• _Task prompt_
After locating the line containing "Couple standing back-to-back" in the entries below, please write out that line and the rest through the end exactly. Omit pictures.

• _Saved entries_
= = = = =
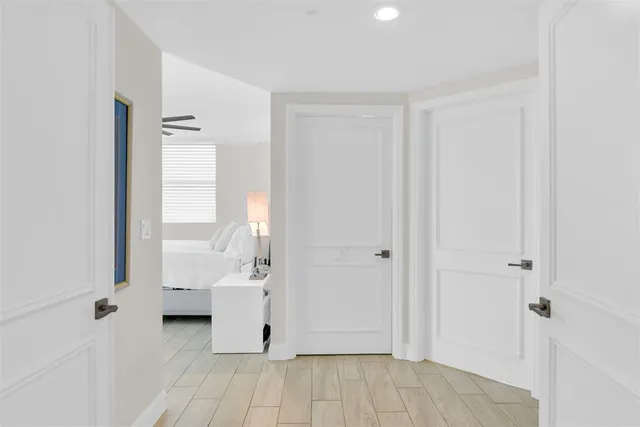 a view of a room with white walls and windows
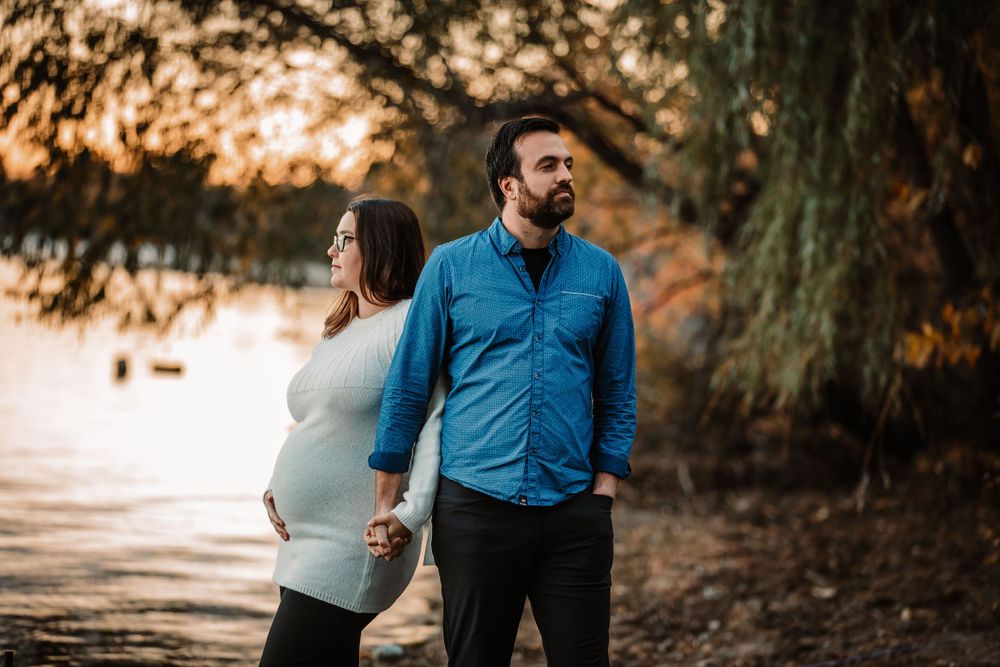 Couple standing back-to-back during maternity photoshoot with sunset lighting through trees.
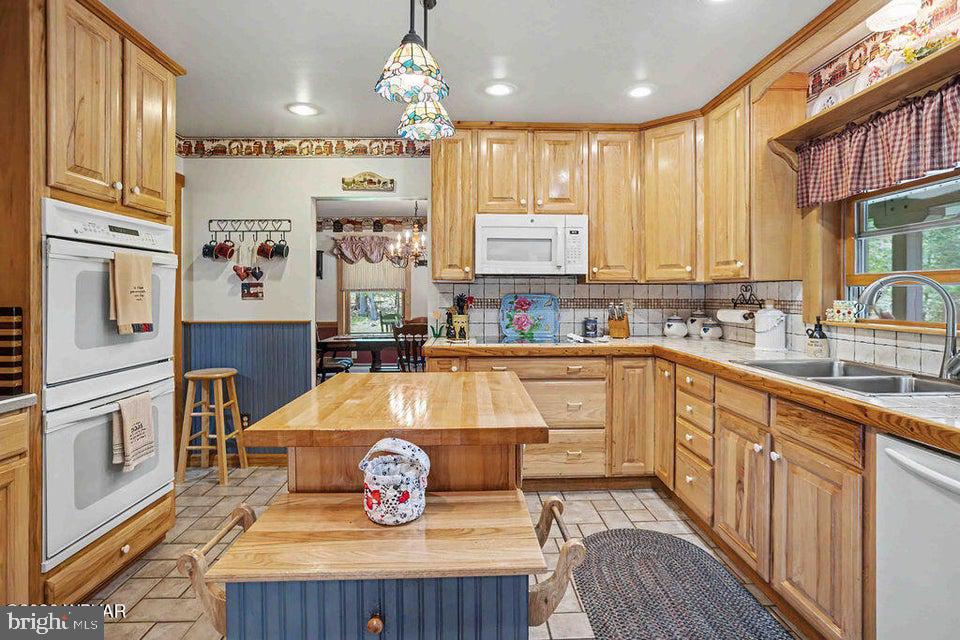 2270 Pine Tree Road Hughesville, PA 17737 - Photo 27 of 90 Charming kitchen with warm wood tones.
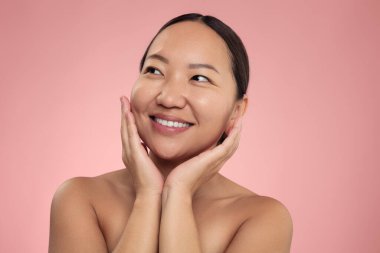 Delighted young Asian female model with dark hair and perfect skin, smiling and looking away while touching cheeks after skin care procedure against pink background
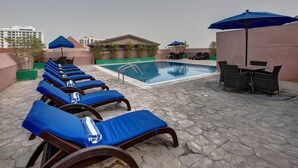 A rooftop pool area with lounge chairs and umbrellas, a pool, and a view of buildings. - Orchid Hotel Al Barsha Formerly Golden Tulip Al Barsha (Dubai)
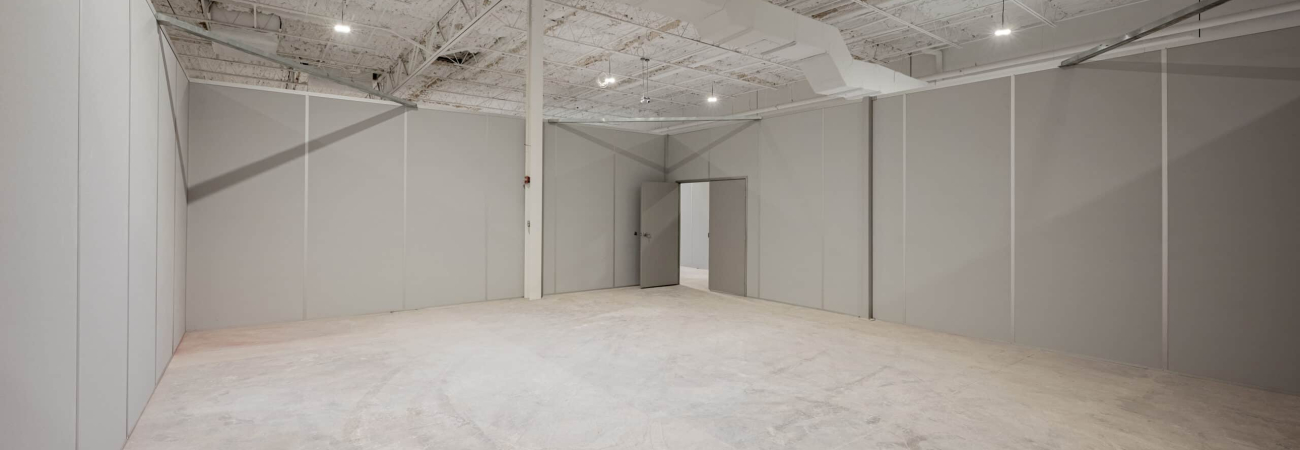 Modular interior space with gray partition walls by Allied Modular.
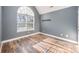 Well-lit bedroom featuring hardwood floors, a large window, and neutral walls at 346 Almora Loop, Mooresville, NC 28115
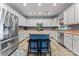 Well lit eat-in kitchen with large center island, stainless steel appliances and beautiful flooring at 125 N Wendover Trce, Mooresville, NC 28117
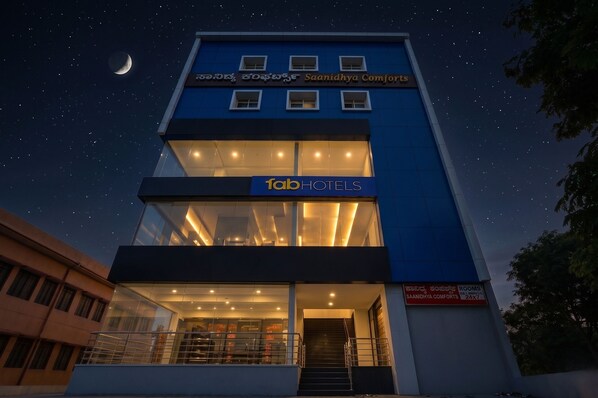 A modern building with a sign for 'fabHOTELS' and 'SAANIDHYA COMFORTS' indicating a hotel. - FabHotel Saanidhya Comforts - Tumkur Road (Kunigal)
= = = = =
• _Response to the task_
 Couple standing back-to-back during maternity photoshoot with sunset lighting through trees.
 2270 Pine Tree Road Hughesville, PA 17737 - Photo 27 of 90 Charming kitchen with warm wood tones.
 Delighted young Asian female model with dark hair and perfect skin, smiling and looking away while touching cheeks after skin care procedure against pink background
 A rooftop pool area with lounge chairs and umbrellas, a pool, and a view of buildings. - Orchid Hotel Al Barsha Formerly Golden Tulip Al Barsha (Dubai)
 Modular interior space with gray partition walls by Allied Modular.
 Well-lit bedroom featuring hardwood floors, a large window, and neutral walls at 346 Almora Loop, Mooresville, NC 28115
 Well lit eat-in kitchen with large center island, stainless steel appliances and beautiful flooring at 125 N Wendover Trce, Mooresville, NC 28117
 A modern building with a sign for 'fabHOTELS' and 'SAANIDHYA COMFORTS' indicating a hotel. - FabHotel Saanidhya Comforts - Tumkur Road (Kunigal)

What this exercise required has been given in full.